---------- DATA PROVIDED

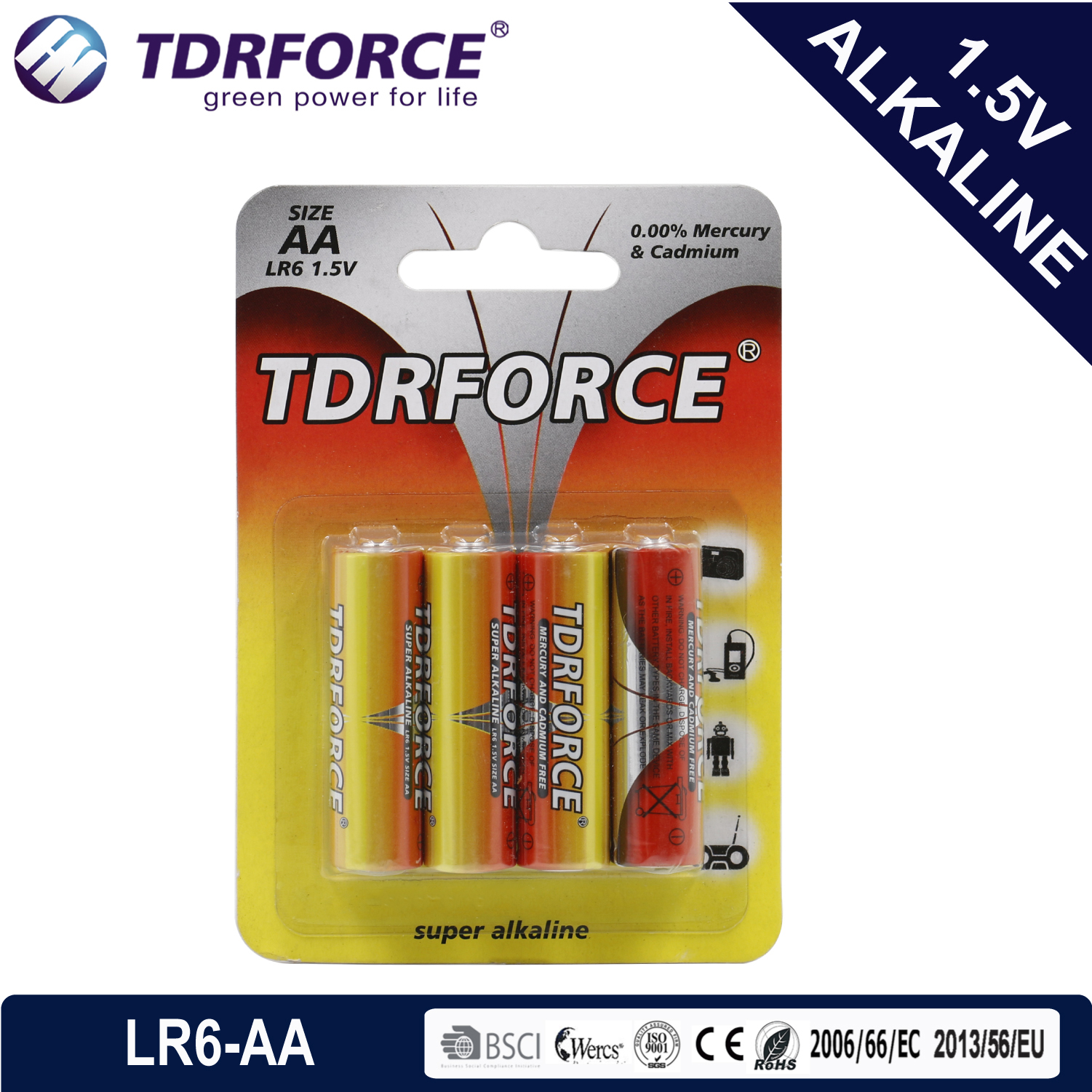 AA Primary Batteries Alkaline Battery LR6/AA 4PCS/Card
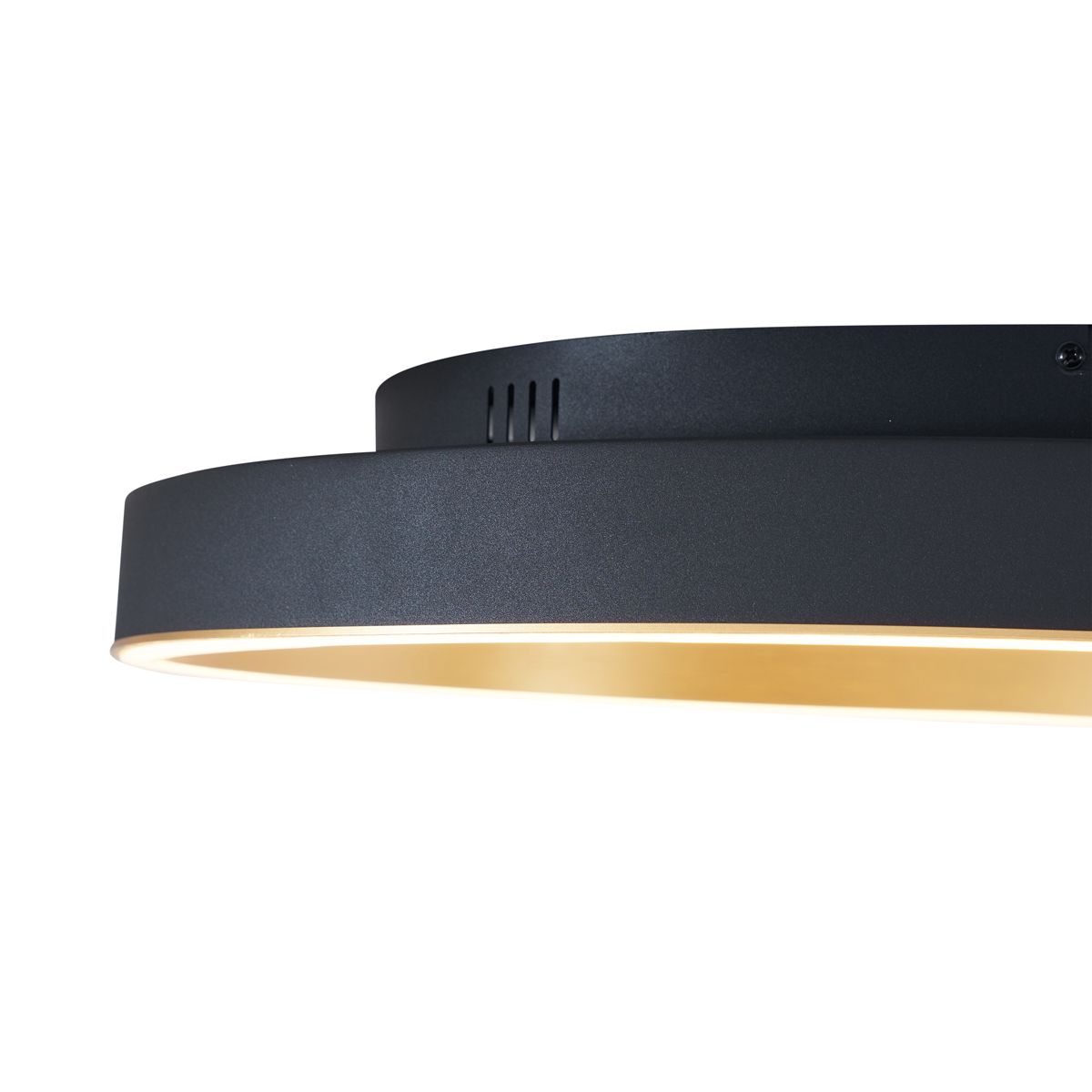 Design plafondlamp zwart met goud 60cm incl. LED 3-way switch - Ingo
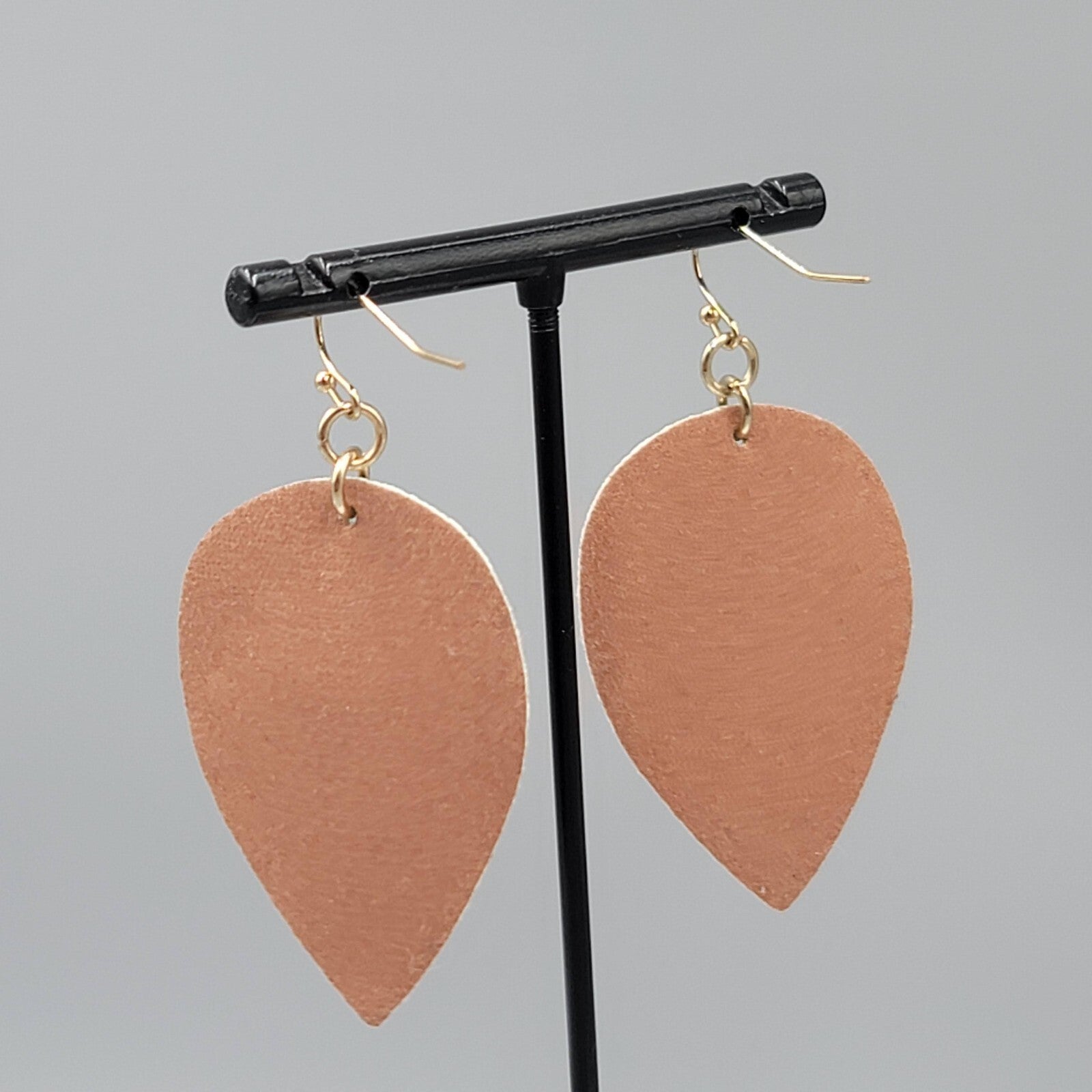 Gold tone Green Pierced Earrings Layered Metal over Faux Leather Dangle 2"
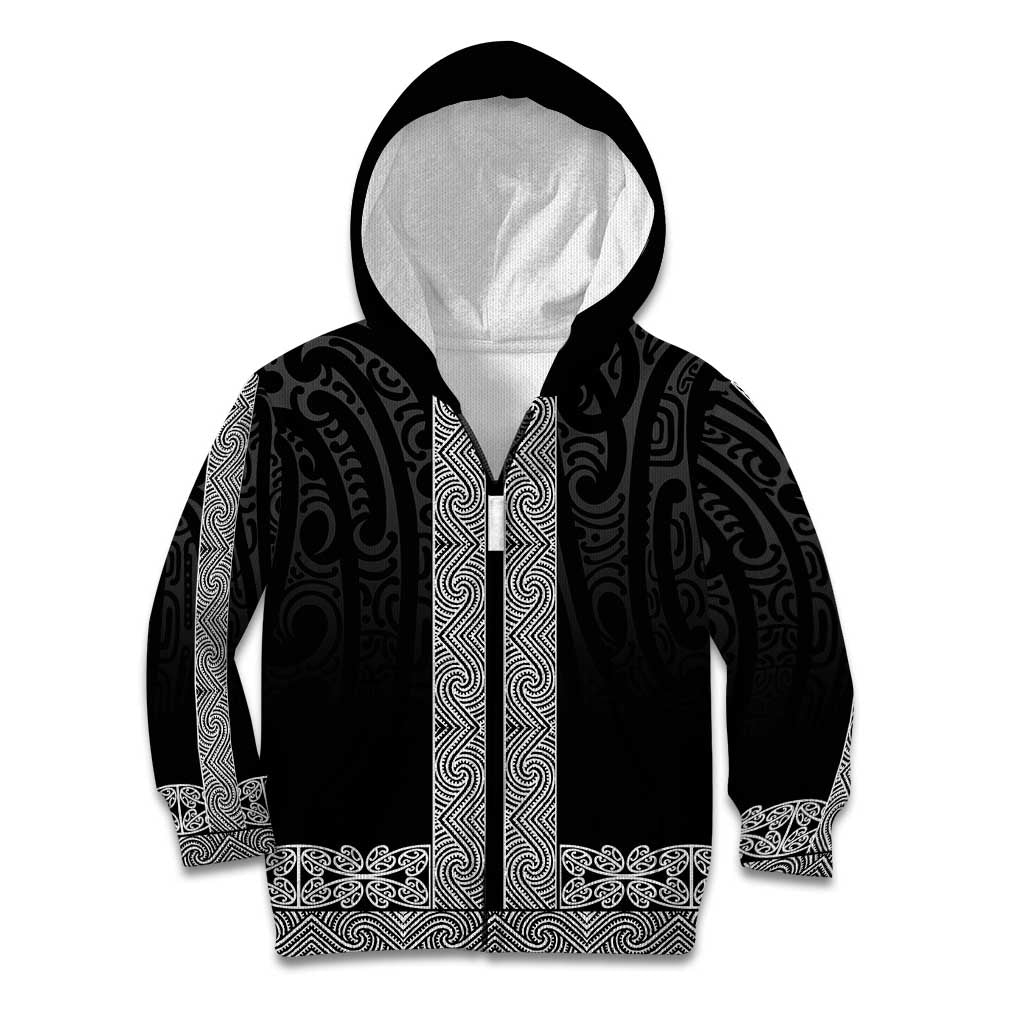 New Zealand Maori Kowhaiwhai Kid Hoodie Pango Maui and Mangopare LT9 Zip Hoodie Black - Polynesian Pride
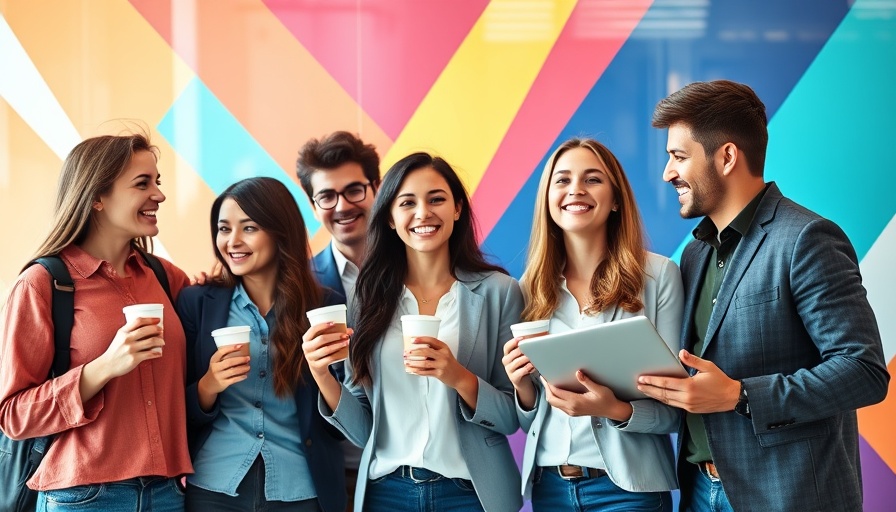 Diverse marketing team discussing in colorful abstract setting.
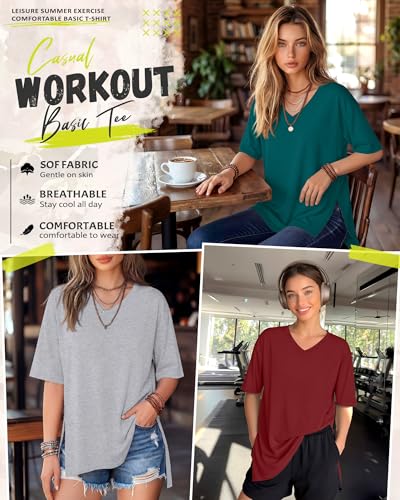 4 Pack Women's Oversized V Neck Shirts - color: Black, Gray, Wine Red, Dark Teal, size: Small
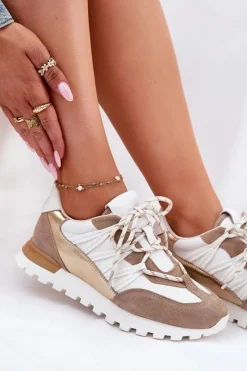 Clearance Artiker Skórzane Półbuty Sneakersy Damskie 56C1738 Beżowo-Złote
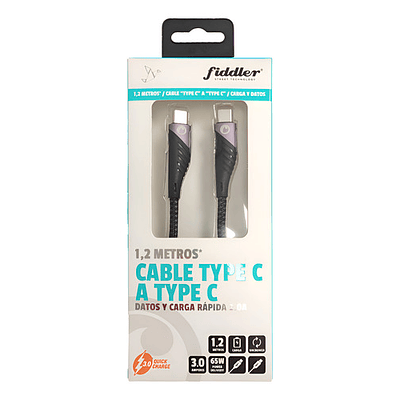 Cable Tipo C A Tipo C Carga Super Rapida 3.0a / 65w Fiddler Negro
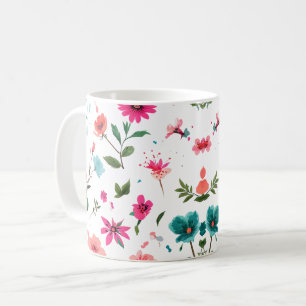 Taza De Café Arte de patrones florales vibrantes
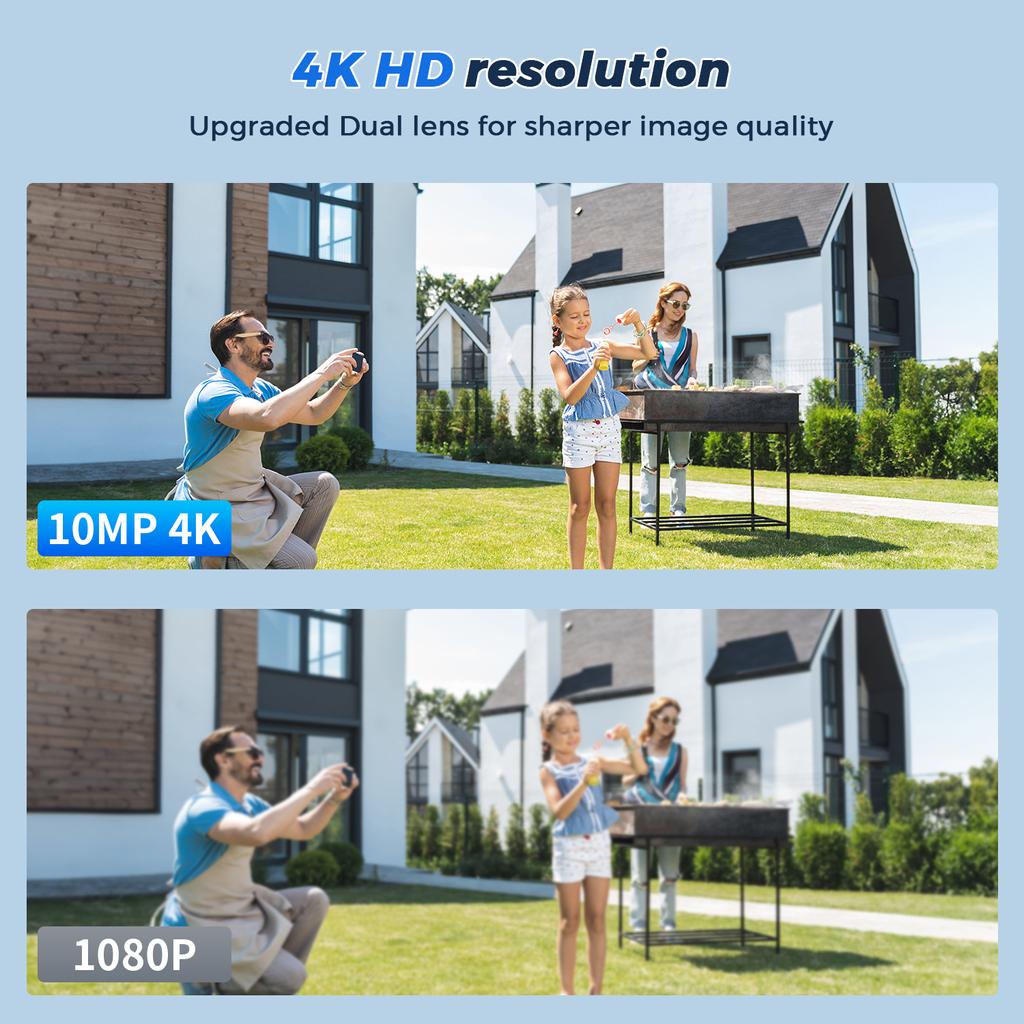 8MP/10MP WiFi PTZ IP-камера видеонаблюдения 5Ghz с двумя объективами, интерком в реальном времени, обнаружение человека, интеллектуальное оповещение, 4K-камеры наружного наблюдения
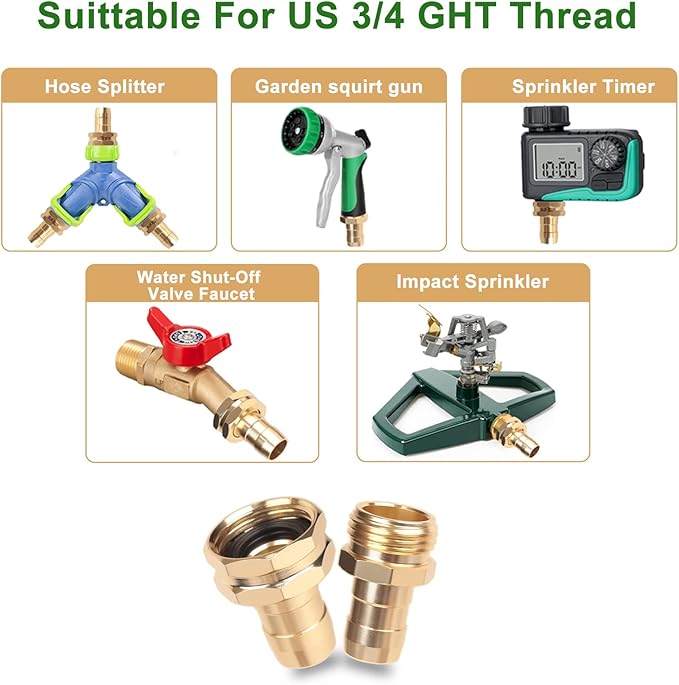 Hose repair kit,（3 Sets）garden hose repair Fittings Aluminum Female and Male With Zinc Clamp Water Hose End Repair Connector Fit 3/4 Inch And 5/8 Inch Garden Hose，garden hose repair kit (Pack of 2)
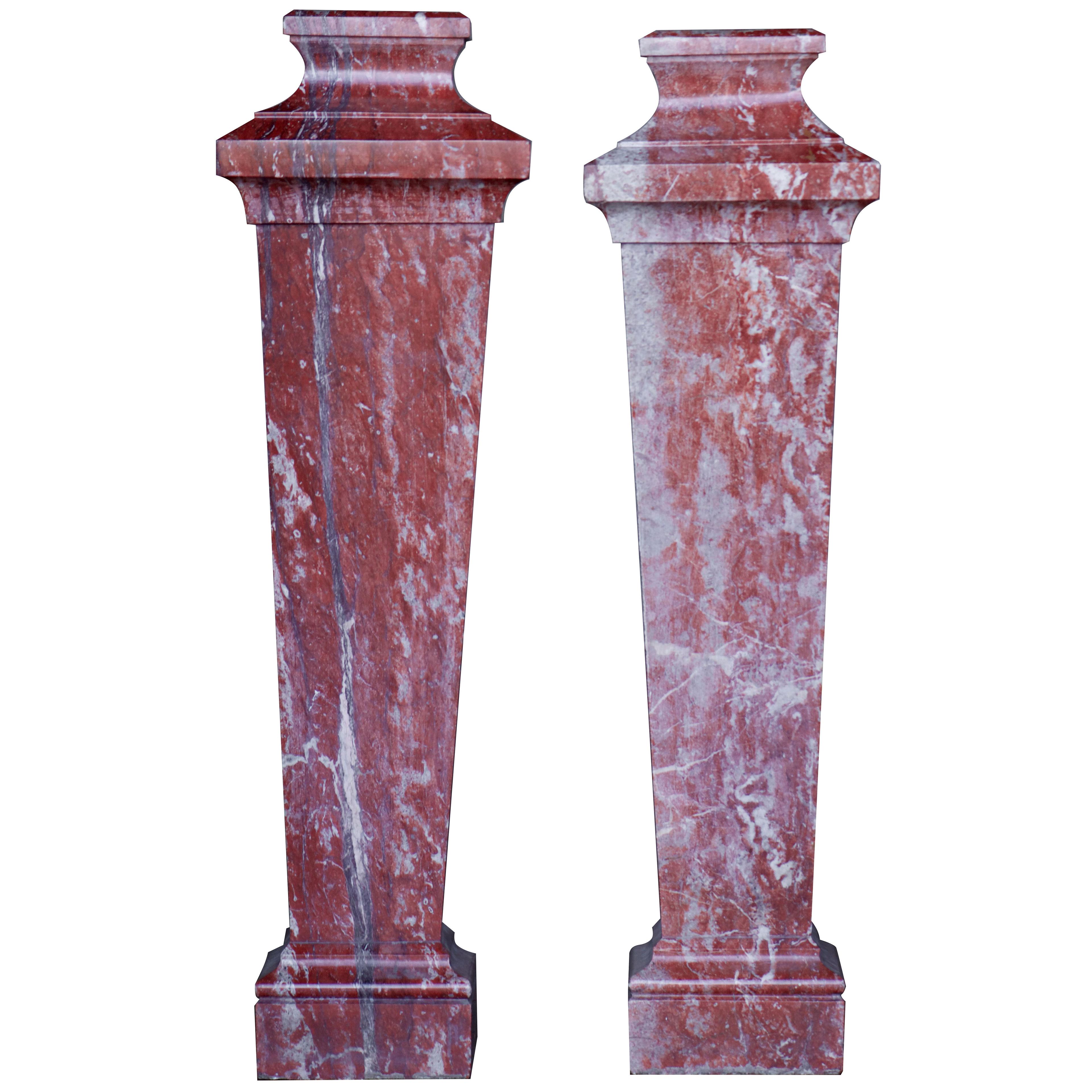 19th century Louis XVI style marble columns mantles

--------------------

§ WHAT NEEDS TO BE DONE: Omitting the pictures, write out the material above exactly as it stands.

§ SOLUTION TO THIS TASK:
 AA Primary Batteries Alkaline Battery LR6/AA 4PCS/Card
 Design plafondlamp zwart met goud 60cm incl. LED 3-way switch - Ingo
 Gold tone Green Pierced Earrings Layered Metal over Faux Leather Dangle 2"
 New Zealand Maori Kowhaiwhai Kid Hoodie Pango Maui and Mangopare LT9 Zip Hoodie Black - Polynesian Pride
 Diverse marketing team discussing in colorful abstract setting.
 4 Pack Women's Oversized V Neck Shirts - color: Black, Gray, Wine Red, Dark Teal, size: Small
 Clearance Artiker Skórzane Półbuty Sneakersy Damskie 56C1738 Beżowo-Złote
 Cable Tipo C A Tipo C Carga Super Rapida 3.0a / 65w Fiddler Negro
 Taza De Café Arte de patrones florales vibrantes
 8MP/10MP WiFi PTZ IP-камера видеонаблюдения 5Ghz с двумя объективами, интерком в реальном времени, обнаружение человека, интеллектуальное оповещение, 4K-камеры наружного наблюдения
 Hose repair kit,（3 Sets）garden hose repair Fittings Aluminum Female and Male With Zinc Clamp Water Hose End Repair Connector Fit 3/4 Inch And 5/8 Inch Garden Hose，garden hose repair kit (Pack of 2)
 19th century Louis XVI style marble columns mantles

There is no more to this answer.